L’association Les Ateliers du vent ouvrait sa saison culturelle avec l’exposition Passages, par delà l’inquiétante étrangeté jeudi 8 septembre 2022. Sur les murs vierges de la salle d’exposition temporaire, huit artistes exposent leurs œuvres étranges en pleine mutation, entre réalité et fiction, familiarité et inconfort. L’événement fait la part belle aux artistes émergents du cru jusqu’au 25 septembre 2022.

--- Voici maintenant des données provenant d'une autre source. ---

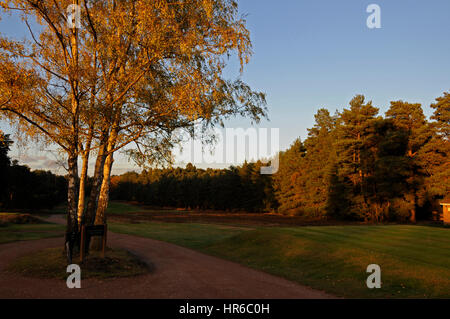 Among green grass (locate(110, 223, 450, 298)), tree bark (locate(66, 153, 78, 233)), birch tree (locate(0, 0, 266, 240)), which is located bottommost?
green grass (locate(110, 223, 450, 298))

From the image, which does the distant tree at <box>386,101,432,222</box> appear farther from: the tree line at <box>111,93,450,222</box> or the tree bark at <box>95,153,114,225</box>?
the tree bark at <box>95,153,114,225</box>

En psychologie, l’inquiétante étrangeté est une angoisse qui surgit d’éléments familiers. Traduit de l’allemand « das Unheimlich », elle est ce phénomène théorisé par Sigmund Freud en 1909. Le psychanalyste décrit dans son ouvrage ce point de basculement, ce renversement du normal qui plonge un environnement familier dans une atmosphère effrayante par la présence d’éléments inconnus. L’intime se délite par touche et devient alors étranger. Angoissant. Ce terme mal traduit, auquel on préférerait « inquiétante familiarité », se révèle le cœur de la nouvelle exposition des Ateliers du vent, Passages, Par delà l’inquiétante étrangeté.

expo passages rennes
Les artistes Agathe Deroin, Christophe Écobichon, le coordinateur Stéphane Guiral, les artistes Camille Outin, Théo Guzennec, Adrien Ordonneau et Marin Esnault

À l’image de notre époque, période d’entre-deux durant émergent de grands bouleversements politiques, environnementaux et sociaux, les œuvres des huit artistes exposés se situent dans un passage, une basculement du familier à l’inconnu. « Je suis resté volontairement large dans la thématique pour que les artistes se l’approprient et trouvent une manière de transmettre un savoir qui soit étrangement inquiétant », déclare Adrien Ordonneau, artiste associé aux Ateliers du vent, commissaire de l’exposition et doctorant à l’université Rennes 2.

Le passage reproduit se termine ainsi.